Why does this series $\sum_{n=0}^{\infty} \frac{(n!)^{2}}{(2n)!}$ converge?

Question

The following series $$\sum_{n=0}^{\infty} \frac{(n!)^{2}}{(2n)!}$$ converges. It fails the divergence test, but once I apply the ratio test, the limit is always equal to $\infty$. Unless you cannot distribute an exponent on a factorial product, I don't see what I am doing wrong.

I tried using Stirling's approximation to construct a geometric series, but I always got $1$ for the ratio, so the test remains inconclusive.

As for the other tests, I didn't find any similar series against which to compare this one to (the limit comparison always gave me $\infty$ or $0$...).

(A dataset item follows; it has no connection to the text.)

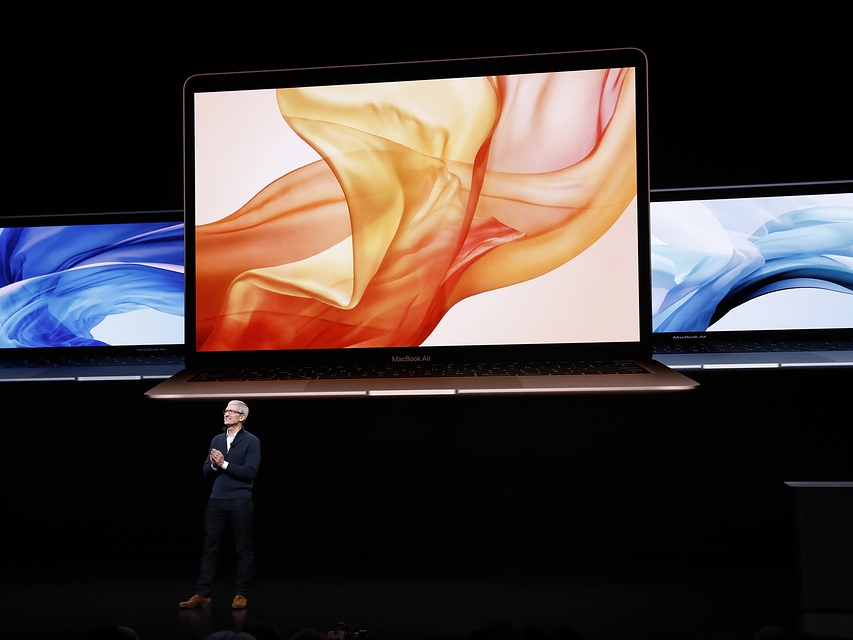 Apple показала новые iPad, MacBook и Mac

Any help or tips on how to take a different spin on the problem are greatly appreciated.

Answer 1

We have the following series:

$$\sum_{n=0}^{\infty} \frac{(n!)^{2}}{(2n)!}$$

To prove convergence, use the Ratio Test:

$$\lim_{n\to\infty}\left|\frac{\left((n+1)!\right)^{2}}{(2(n+1))!}*\frac{(2n)!}{(n!)^{2}}\right|$$ $$\lim_{n\to\infty}\left|\frac{(n+1)!(n+1)!}{(2n+2)!}*\frac{(2n)!}{(n!)(n!)}\right|$$ $$\lim_{n\to\infty}\left|\frac{(n+1)(n+1)}{(2n+1)(2n+2)}\right|$$

As you notice, the leading degree of the denominator is the same as the leading degree of the numerator. Therefore, we look at the coefficients, and so the limit goes to $\frac{1}{4}$, and the series convergences absolutely by the Ratio Test.

Answer 2

By Stirling:

$$\frac{(n!)^2}{(2 n)!} \sim \frac{n^{2 n} e^{-2 n} 2 \pi n}{(2 n)^{2 n} e^{-2 n} \sqrt{2 \pi 2 n}} = \frac{\sqrt{2 \pi n}}{\sqrt{2} 2^{2 n}}$$

so the sum certainly converges by comparison with

$$\sum_{n=0}^{\infty} \sqrt{n} \, 2^{-2 n} $$

Answer 3

You can conclude by comparison, since $$\frac{(n!)^2}{(2n)!} \sim_{n\to\infty} \frac{\sqrt{\pi n}}{2^{2n}}$$ by Stirling's approximation.

Answer 4

If you apply the ratio test you should get the limit of a(n+1)/a(n) tends to 1/4 hence we get convergence.

Answer 5

The ratio test gives you $$\frac{(2n)!}{(n!)^2} \cdot \frac{((n+1)!)^2}{(2n+2)!} = \frac{(n+1)(n+1)}{(2n+2)(2n+1)} \to \frac 14 < 1$$ as $n$ tends to infinity. So the series is convergent.

Answer 6

You can use the root test.

$$\sqrt[n]{\frac{(n!)^2}{(2n)!}}=\sqrt[n]{\frac{2\cdot 3\cdots n}{(n+1)\cdots(2n)}}\leq \frac{1}{n}\sum_{j=1}^n \frac{j}{n+j}\leq \frac{1}{n} \sum_{j=1}^{n}\frac{j}{j+j}=\frac{1}{2},$$(by AM-GM inequality) so$$\limsup_{n\to \infty} \sqrt[n]{\frac{(n!)^2}{(2n)!}} \leq \frac{1}{2}.$$ Therefore the series converges.

Answer 7

$$\begin{eqnarray*}\sum_{n\geq 0}\frac{n!^2}{(2n)!}=\sum_{n\geq 0}\frac{\Gamma(n+1)^2}{\Gamma(2n+1)}&=&\sum_{n\geq 0}(2n+1)\int_{0}^{1}x^n(1-x)^n\,dx\\&=&\int_{0}^{1}\frac{1+x-x^2}{(1-x+x^2)^2}\,dx\\&=&\left.\frac{2}{3}\cdot\frac{2x-1}{1-x+x^2}+\frac{2}{3\sqrt{3}}\cdot\arctan\left(\frac{2x-1}{\sqrt{3}}\right)\right|_{0}^{1}\\&=&\color{red}{\frac{2}{27}(18+\pi\sqrt{3}).}\end{eqnarray*}$$

Answer 8

For $n≥1$, easy to know: $\frac{n!^2}{(2n)!}\le\frac{1}{2^n}$, hence the answer is obvious.